The Fez Ballroom felt more like an incubated laboratory of sound inquiry than a music venue while hosting Robert Walter's 20th Congress on the 16th of September. Intensity built throughout the night. They went in hard, crashing and full-throttle and came out teasing: stopping suddenly, breathing heart attacks into their music, then picking up right back into the tangled pandemonium they'd left a moment before. Syncopated beats drove the trio's cohesion. They thrive in this uncharted musical ether, passing experimental sonic jazz around like an inside joke being played and presented to the others for decoration.

A mad scientist played the keys surrounded by his tools concocting, creating, and playing wildly. I don't know what exactly Robert Walter was creating. It echoed, flowed with a playfulness and hyperactivity of baby turtles hurtling themselves toward the ocean and possessed a general pinch of electricity. His palms remained steadypulling back on occasion to remember their roots as hands. Music twisted and distorted itself from his portable lab while his face scrunched and screamed silently as if an eye of newt had accidentally slipped uncomfortably down his pants.

Robert most encapsulated the demeanor of Dr.
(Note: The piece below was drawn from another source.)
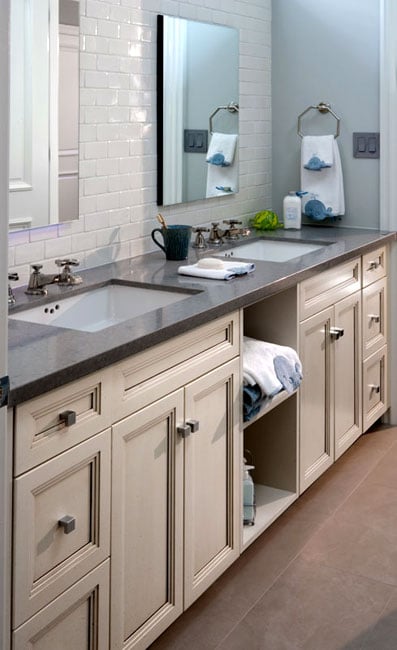 Photo of Countertop Designs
Frankenstein but the creation was not his alone. The entire band, shrunken since I last saw them, grabbed vile after vile, throwing beats and woven rhythms of volatile sounds into the room, bubbling over. It was a spectacle of science: invisible, yet potent enough that my arms shot out in waves to grab the air around me as if I may have caught a tangible piece of the musical debris. Jason Smart on drums and Cochemea Gastolum on horns and various toys, concocted flavors and strands of the euphonic brew that moved my limbs and pulled my body in directions beyond the compass all at once. Each one of them took a turn mixing and tweaking the musictoo involved to sit back, watch and sinisterly laugh while exclaiming, "It's alive" (as should be required for any good mad scientist scene).

Metal knobs and buttons shimmered and disappeared under Cheme's fingers on the saxophone like raindrops on a lake. He grabbed as many instruments as he could find like a kid let loose in a musical playground for two hours where he got to make whatever he wanted and so built a castle out of tire swings and made the sandbox into a jungle gym. He played the saxophone, the flute, a cowbell, a tambourine, and the cowbell with the tambourine, often intentionally offbeat, spiking the musical fog with interesting darts to fathom and build from.

Jason Smart is the drummer for Jacob Fred Jazz Odyssey as well and I'm continually impressed with his skills in setting loose sounds from the drums with gentle precision and intense power. He pounds, twiddles, explores and invokes beats, often with closed eyes during his solos. How does he hit the right head in the right place? How does he not get lost? He seems to have created some form of high-quality wave in his invisible beaker that guides his limbs, or drumsticks, like bats communicating in sonar. This is what they should teach in high school chemistry classes.

Drum solos nestled between the echoing funk of brass and keys transformed the room into a pulsing heart. The walls of the Fez Ballroom could have been stretched drumheads over two by fours and plaster. I stood at the front of the stage, safely away from the couches and comfy love seats that were surely shimmying their way inward, carrying the masses and riding vibrations toward the evening's pulsing source. This sort of music doesn't allow for observers, all who entered were in it and at the whim of this musical vessel.